The law was amended by Chapter 67 of the Acts of 2001. It eliminated the 7 day suspension that used to result from 3 warnings in one year.

They don't show up on a record check.

I think they are a waste of time. If I have to get out of the car...your usually going to "pay". 

Most people don't learn anything from them and they are quickly forgotten.

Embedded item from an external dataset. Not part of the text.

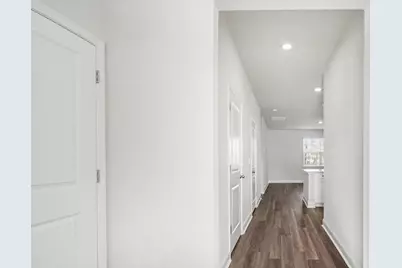 163 Bjorn Way, Longs, SC 29568 - Photo 3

On the other end of the issue, I wouldn't lie about them during a background check. There are other ways of finding out.


----------



## dcs2244 (Jan 29, 2004)

They are great for accidents where a driver is yelling at and threatening you: Issue the warning: he'll be bragging to all his buddies about how he intimidated you...until he gets the surcharge on his insurance :shock:  ! Sorry, buddy, no appeals! :twisted:


----------



## frapmpd24 (Sep 3, 2004)

dcs2244 @ Tue Oct 05 said:


> They are great for accidents where a driver is yelling at and threatening you: Issue the warning: he'll be bragging to all his buddies about how he intimidated you...until he gets the surcharge on his insurance :shock:  ! Sorry, buddy, no appeals! :twisted:


An excellent option for drivers that try to tell you how to conduct your accident investigation and who should/should not be cited. Here is your warning sir/ma'am... :wink:


----------



## TripleSeven (Aug 28, 2004)

dcs2244 @ Tue Oct 05 said:


> They are great for accidents where a driver is yelling at and threatening you: Issue the warning: he'll be bragging to all his buddies about how he intimidated you...until he gets the surcharge on his insurance :shock:  ! Sorry, buddy, no appeals! :twisted:


So they do affect insurance? I was under the impression that they are not recorded by the RMV? :?:


----------



## scungie (Jun 20, 2002)

The crash effects your insurance, not the warning you get, but warning makes the insurance companies lean towards you being at fault...


----------



## Curious EMT (Apr 1, 2004)

scungie @ Tue October 05 said:


> The crash effects your insurance, not the warning you get, but warning makes the insurance companies lean towards you being at fault...


which CAN in fact be appealed.

In my opinion *you know what they say about those * the insurance comanys need to re-evaluate their procedures.
They have MANY bottom line surcharges i.e. "One vehicle accident = surcharge, bottom line"
Last year I was involved in a one vehicle accident because i hit a VERY large pothole and lost control. Local PD came out and filled out a "Road Defect Reort", not an accident report, but since i was the only vehicle involved, insurance said "oh well"... So its stuck somewhere in the appeal process right now..... but untill then, I pay higher insurance and my employer is saying "wtf is this accident about".....


----------



## MVS (Jul 2, 2003)

EMcNeice @ Mon Oct 04 said:


> Just curious... do written warnings in MA get recorded with the RMV or effect insurance? I've got warnings before and when i get my record from the RMV they never show up. So does this mean theres no way for an agency your applying for to find out if or how many warnings you've received?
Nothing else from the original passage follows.